What was your vision behind this project and who played vital roles in seeing it to fruition?

The project started when I got in touch with Clor keyboardist Bob Earland having fallen in love with that album. I wrote to him asking if he wanted to do something amazing and sent a link to my work, it went from there…

I didn’t just want to write songs, I wanted to write an album with a concept, for it to have intention and substance.

I was performing at a friend’s wedding, camping in Dorset, and open to signs for a concept to base my work on – a friend pointed out the North Star to me in the sky and said “you see that star there? It’s the only star that doesn’t move in the sky”.

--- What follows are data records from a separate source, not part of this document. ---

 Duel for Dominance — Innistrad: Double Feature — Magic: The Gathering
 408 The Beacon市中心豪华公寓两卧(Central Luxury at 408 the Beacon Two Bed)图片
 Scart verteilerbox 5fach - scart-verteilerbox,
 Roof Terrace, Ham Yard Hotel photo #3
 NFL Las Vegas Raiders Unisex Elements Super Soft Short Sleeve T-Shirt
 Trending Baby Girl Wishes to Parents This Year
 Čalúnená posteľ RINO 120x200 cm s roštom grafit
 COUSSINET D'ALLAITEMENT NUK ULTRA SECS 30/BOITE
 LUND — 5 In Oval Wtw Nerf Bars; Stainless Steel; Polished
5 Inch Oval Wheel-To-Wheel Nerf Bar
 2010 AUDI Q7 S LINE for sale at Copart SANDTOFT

Somehow something clicked and it struck me as a portal to another place and so the journey began, the Mars One project appeared, I saw gravity. In fact, everything on the journey for me seemed to hold relevance guiding me. It took on a life of it’s own and became a bigger dream, that of it’s performance . 

I didn’t  particularly want to write to perform this work on the live music venue circuit, From the onset, I set the shows and sound for cinemas and theatres.  I wanted that cinematic edge and theatrical silence.

I want people to feel a part of it and I have worked very hard developing a multi- disciplined live show, I am very excited to have  HYENAZ dancing live and playing the main characters onstage.

Where visual and video content is concerned it’s been VJ Ultra who is taking what I see in my head and making that a reality.

I first felt it important to get the music out there and so I secured distribution independently through Duchess Box Records.

There’s been so much enthusiasm and I have had alot of support along the way, but really it is me that is very much driving this.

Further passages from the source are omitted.